Girard’s furniture is less well known, primarily because most of it was designed for private commissions. The market for his work in this area is “emerging,” in the parlance of the trade. As recently as 2010, Christie’s sold a circa-1964 gilt-bronze and brass coffee table by Girard and a wall clock decorated with an image of a serpent encircling itself — a favorite Girard motif. One Girard design that Herman Miller did put into production was based on work he did for Braniff Airways. In 1965, when air travel still had some cachet, Braniff decided to spruce up its look under the marketing slogan “The End of the Plain Plane.” Girard was brought in and promptly had the hulls of the company’s jets each painted in one of seven vibrant colors. He upholstered the seats in a snazzy checked fabric, and — being a designer who believed in having a hand in all aspects of a commission — redesigned every element aboard, down to the playing cards and sugar packets. (He hired Emilio Pucci, however, to design the flight attendants’ uniforms.)
For Braniff’s airport lounges, Girard designed settees and chairs with sleek curving seats and floating back rests. In 1967, Herman Miller issued the furniture with slight modifications (the settee became a three-seater sofa, for example) then dropped the line the following year. These pieces, though rare, occasionally come to market.
The project that may have best showcased Girard’s multiple talents was a restaurant: La Fonda del Sol, a pan-Latin boîte that opened in 1960 in New York’s Time & Life Building. The establishment was owned by the firm Restaurant Associates, which intended La Fonda to serve as a lively counterpoint to the more reserved modernism of another of its holdings, the Philip Johnson–designed Four Seasons restaurant. Thanks to Girard, it may have been the most exuberant eatery in town. He created, essentially, a Latino cabinet of curiosities, with staggered niches holding pre-Columbian artifacts and, of course, his beloved folk art. Signage in a perky font pointed the way, in both English and Spanish, to every area, from the restrooms to the bar. As was his wont, Girard’s design hand was far-reaching — although he did farm out the design of the chairs to Charles Eames — from the colorful waitstaff uniforms and columns in chrome that suggested palm tree trunks to the pastel tableware and cutlery. Girard crafted tiles depicting more than 40 different illustrations of the sun.

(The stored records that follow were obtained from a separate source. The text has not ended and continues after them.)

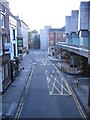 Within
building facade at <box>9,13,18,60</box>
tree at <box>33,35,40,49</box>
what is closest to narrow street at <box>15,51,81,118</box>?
building facade at <box>9,13,18,60</box>

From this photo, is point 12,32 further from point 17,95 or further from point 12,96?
point 12,96

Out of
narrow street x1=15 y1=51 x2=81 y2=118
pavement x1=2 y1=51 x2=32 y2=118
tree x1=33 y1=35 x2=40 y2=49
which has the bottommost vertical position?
narrow street x1=15 y1=51 x2=81 y2=118

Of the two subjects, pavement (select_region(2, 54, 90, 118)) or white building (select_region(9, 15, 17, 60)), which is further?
white building (select_region(9, 15, 17, 60))

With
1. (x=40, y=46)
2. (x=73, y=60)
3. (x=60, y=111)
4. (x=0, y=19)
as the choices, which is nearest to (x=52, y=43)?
(x=40, y=46)

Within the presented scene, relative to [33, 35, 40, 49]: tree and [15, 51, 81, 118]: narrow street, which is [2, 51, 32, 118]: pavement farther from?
[33, 35, 40, 49]: tree

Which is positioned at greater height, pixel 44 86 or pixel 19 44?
pixel 19 44

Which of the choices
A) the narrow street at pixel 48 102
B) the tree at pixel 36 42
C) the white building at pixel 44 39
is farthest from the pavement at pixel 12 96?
the tree at pixel 36 42

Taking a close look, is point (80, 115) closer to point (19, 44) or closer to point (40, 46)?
point (19, 44)

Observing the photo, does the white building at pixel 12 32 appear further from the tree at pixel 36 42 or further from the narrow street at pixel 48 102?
the tree at pixel 36 42

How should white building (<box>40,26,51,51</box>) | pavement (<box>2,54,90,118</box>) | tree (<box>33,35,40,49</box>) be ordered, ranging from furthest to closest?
tree (<box>33,35,40,49</box>) < white building (<box>40,26,51,51</box>) < pavement (<box>2,54,90,118</box>)

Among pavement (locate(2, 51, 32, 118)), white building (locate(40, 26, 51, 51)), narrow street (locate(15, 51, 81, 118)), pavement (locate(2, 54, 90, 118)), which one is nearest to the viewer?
narrow street (locate(15, 51, 81, 118))

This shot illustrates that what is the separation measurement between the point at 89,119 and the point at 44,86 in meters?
13.4

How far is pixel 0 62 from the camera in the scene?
1041 inches

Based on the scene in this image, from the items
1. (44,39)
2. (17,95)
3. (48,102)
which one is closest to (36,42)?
(44,39) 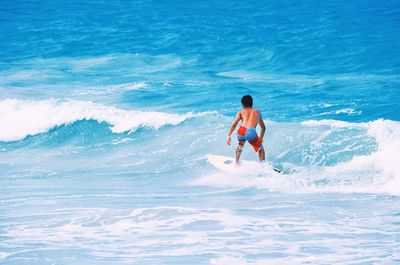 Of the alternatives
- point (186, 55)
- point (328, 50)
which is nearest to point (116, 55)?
point (186, 55)

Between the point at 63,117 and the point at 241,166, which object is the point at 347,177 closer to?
the point at 241,166

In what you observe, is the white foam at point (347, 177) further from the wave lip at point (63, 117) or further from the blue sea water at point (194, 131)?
the wave lip at point (63, 117)

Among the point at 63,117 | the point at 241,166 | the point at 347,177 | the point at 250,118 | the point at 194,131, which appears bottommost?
the point at 347,177

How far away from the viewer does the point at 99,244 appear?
26.4 ft

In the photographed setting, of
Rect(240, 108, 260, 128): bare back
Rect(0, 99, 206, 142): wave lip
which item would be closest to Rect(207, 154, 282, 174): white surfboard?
Rect(240, 108, 260, 128): bare back

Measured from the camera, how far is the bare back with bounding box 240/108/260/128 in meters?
11.1

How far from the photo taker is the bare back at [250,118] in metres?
11.1

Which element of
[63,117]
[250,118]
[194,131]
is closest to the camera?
[250,118]

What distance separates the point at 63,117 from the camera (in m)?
17.3

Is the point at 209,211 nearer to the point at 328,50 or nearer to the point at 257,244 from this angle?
the point at 257,244

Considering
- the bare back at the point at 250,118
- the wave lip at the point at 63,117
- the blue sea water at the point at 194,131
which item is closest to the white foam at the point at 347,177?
the blue sea water at the point at 194,131

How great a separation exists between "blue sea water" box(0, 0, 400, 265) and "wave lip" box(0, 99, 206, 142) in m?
0.05

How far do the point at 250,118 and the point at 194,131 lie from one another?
4181 millimetres

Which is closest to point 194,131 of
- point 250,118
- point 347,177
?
point 250,118
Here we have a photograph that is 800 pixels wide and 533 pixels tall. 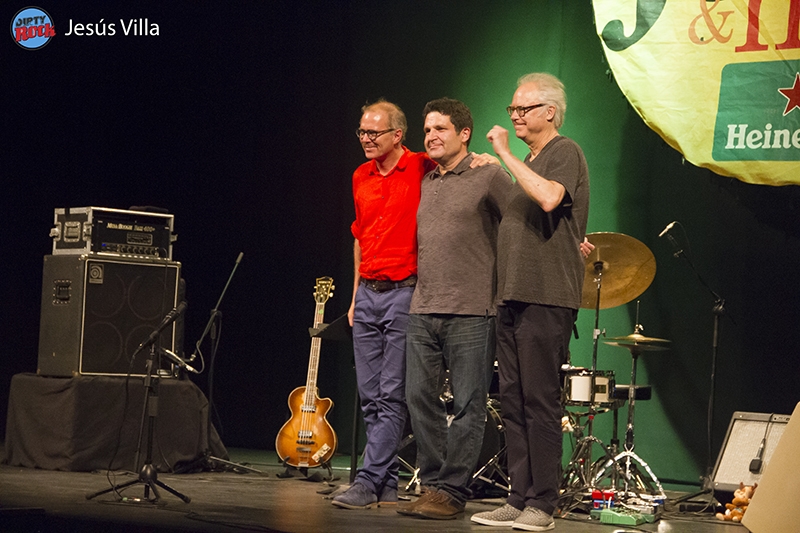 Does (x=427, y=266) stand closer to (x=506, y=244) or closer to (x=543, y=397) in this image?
(x=506, y=244)

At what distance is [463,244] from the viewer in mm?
3990

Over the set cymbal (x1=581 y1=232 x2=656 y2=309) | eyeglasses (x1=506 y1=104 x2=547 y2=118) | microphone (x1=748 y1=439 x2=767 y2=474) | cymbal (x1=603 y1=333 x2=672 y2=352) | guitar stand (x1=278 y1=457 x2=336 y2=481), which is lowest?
guitar stand (x1=278 y1=457 x2=336 y2=481)

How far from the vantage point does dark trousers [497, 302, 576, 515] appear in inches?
143

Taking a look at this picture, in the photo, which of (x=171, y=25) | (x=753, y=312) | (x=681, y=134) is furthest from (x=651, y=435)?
(x=171, y=25)

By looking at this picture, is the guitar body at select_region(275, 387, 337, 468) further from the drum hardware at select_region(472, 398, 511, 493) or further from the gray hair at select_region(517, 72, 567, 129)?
the gray hair at select_region(517, 72, 567, 129)

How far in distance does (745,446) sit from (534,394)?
193 centimetres

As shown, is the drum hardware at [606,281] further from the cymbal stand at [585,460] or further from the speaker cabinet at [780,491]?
the speaker cabinet at [780,491]

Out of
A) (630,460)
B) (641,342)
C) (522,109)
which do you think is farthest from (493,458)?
(522,109)

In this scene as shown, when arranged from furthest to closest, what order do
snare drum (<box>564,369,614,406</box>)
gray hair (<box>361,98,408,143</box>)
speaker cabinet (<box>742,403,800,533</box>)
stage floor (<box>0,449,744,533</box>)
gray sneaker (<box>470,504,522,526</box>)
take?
snare drum (<box>564,369,614,406</box>) < gray hair (<box>361,98,408,143</box>) < gray sneaker (<box>470,504,522,526</box>) < stage floor (<box>0,449,744,533</box>) < speaker cabinet (<box>742,403,800,533</box>)

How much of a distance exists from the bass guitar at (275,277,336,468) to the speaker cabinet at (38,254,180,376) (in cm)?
81

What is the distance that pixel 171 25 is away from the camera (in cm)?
732

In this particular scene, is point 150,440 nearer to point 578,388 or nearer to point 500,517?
point 500,517

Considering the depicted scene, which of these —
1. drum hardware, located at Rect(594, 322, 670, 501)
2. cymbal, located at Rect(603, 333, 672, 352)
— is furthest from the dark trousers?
cymbal, located at Rect(603, 333, 672, 352)

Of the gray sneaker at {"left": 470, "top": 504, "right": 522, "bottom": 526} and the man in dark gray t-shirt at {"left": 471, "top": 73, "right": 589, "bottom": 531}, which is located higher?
the man in dark gray t-shirt at {"left": 471, "top": 73, "right": 589, "bottom": 531} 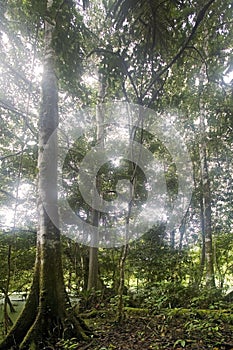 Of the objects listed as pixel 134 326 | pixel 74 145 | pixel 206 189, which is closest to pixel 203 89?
pixel 206 189

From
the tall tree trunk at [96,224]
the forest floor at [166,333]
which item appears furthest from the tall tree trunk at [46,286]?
the tall tree trunk at [96,224]

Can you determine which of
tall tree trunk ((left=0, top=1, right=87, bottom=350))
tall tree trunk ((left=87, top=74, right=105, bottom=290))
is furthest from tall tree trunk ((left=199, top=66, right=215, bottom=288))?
tall tree trunk ((left=0, top=1, right=87, bottom=350))

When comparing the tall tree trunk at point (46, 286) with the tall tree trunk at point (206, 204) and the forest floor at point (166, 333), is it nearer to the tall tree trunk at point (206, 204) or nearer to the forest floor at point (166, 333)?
the forest floor at point (166, 333)

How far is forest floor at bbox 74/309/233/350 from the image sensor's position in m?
2.99

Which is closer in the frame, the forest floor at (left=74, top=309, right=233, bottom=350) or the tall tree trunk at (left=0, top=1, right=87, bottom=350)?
the forest floor at (left=74, top=309, right=233, bottom=350)

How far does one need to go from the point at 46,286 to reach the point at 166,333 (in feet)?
5.07

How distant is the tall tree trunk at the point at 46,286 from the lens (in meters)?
3.31

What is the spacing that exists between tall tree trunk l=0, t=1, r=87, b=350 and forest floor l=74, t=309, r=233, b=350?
37 centimetres

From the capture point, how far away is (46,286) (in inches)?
138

In connection to a show at Minneapolis’s Walker Art Center that included Girard’s work, textile designer Jack Lenor Larsen wrote in the Design Quarterly: “[T]he prime concern of environmental design was how people feel in a space. This is Girard’s message and his main contribution. At a time when modern architecture was becoming a larger, more standardized aspect of the corporate establishment, the success of La Fonda whetted our appetites for more romantic, diversified interiors.” (Ephemera from the restaurant are not difficult to find, including large serving dishes and glassware sets and such smaller items as salt-and-pepper shakers and matchstick holders.)
Girard’s most lasting contribution, however, may be his folk art collection. He and Susan had begun gathering pieces shortly after their marriage, in 1936. By the 1970s, they had amassed the world’s largest collection of cross-cultural folk art, composed of more than 100,000 pieces from around the world. The Girards donated their holdings to the Museum of International Folk Art, in Santa Fe (where they had moved in the ’60s), quintupling the institution’s collection, and a new wing — named for the Girards — had to be built to hold it. That building opened in 1982 with a 10,000-item exhibition curated by Girard and entitled “Multiple Visions: A Common Bond.” That show is still in place after 40 years, highlighting ceremonial masks, beadwork, costumes and thousands of toys and figurines. It is visually staggering, fun, funny and edifying — a work of art unto itself.
“I think Girard wanted to show that there was common ground between every culture and that there are universal themes that all peoples have tried to explore through art,” says Bright. “You have to remember the times in which Girard was working. There was the Cold War, Vietnam, social upheaval, political assassinations. I believe that he wanted to send a reassuring message: that for all our troubles, the world is still a good place.”